┌──
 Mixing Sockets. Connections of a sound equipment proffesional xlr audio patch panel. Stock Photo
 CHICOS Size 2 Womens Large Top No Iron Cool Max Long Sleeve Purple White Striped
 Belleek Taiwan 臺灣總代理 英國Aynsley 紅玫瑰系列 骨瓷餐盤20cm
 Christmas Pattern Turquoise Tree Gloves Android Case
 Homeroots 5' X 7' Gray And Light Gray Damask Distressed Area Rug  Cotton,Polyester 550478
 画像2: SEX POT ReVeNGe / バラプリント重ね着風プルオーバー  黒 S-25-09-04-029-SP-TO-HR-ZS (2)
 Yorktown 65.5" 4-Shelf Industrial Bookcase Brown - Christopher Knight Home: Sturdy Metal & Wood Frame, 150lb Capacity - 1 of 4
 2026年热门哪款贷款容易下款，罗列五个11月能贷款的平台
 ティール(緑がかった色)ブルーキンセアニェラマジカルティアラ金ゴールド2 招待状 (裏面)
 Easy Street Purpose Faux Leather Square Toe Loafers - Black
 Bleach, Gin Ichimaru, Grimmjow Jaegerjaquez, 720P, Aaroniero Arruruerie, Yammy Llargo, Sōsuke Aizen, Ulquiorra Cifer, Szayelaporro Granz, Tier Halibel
└──
#### [Exercise prompt]
Leaving no line out, return the data above verbatim.

#### [Solution]
 Mixing Sockets. Connections of a sound equipment proffesional xlr audio patch panel. Stock Photo
 CHICOS Size 2 Womens Large Top No Iron Cool Max Long Sleeve Purple White Striped
 Belleek Taiwan 臺灣總代理 英國Aynsley 紅玫瑰系列 骨瓷餐盤20cm
 Christmas Pattern Turquoise Tree Gloves Android Case
 Homeroots 5' X 7' Gray And Light Gray Damask Distressed Area Rug  Cotton,Polyester 550478
 画像2: SEX POT ReVeNGe / バラプリント重ね着風プルオーバー  黒 S-25-09-04-029-SP-TO-HR-ZS (2)
 Yorktown 65.5" 4-Shelf Industrial Bookcase Brown - Christopher Knight Home: Sturdy Metal & Wood Frame, 150lb Capacity - 1 of 4
 2026年热门哪款贷款容易下款，罗列五个11月能贷款的平台
 ティール(緑がかった色)ブルーキンセアニェラマジカルティアラ金ゴールド2 招待状 (裏面)
 Easy Street Purpose Faux Leather Square Toe Loafers - Black
 Bleach, Gin Ichimaru, Grimmjow Jaegerjaquez, 720P, Aaroniero Arruruerie, Yammy Llargo, Sōsuke Aizen, Ulquiorra Cifer, Szayelaporro Granz, Tier Halibel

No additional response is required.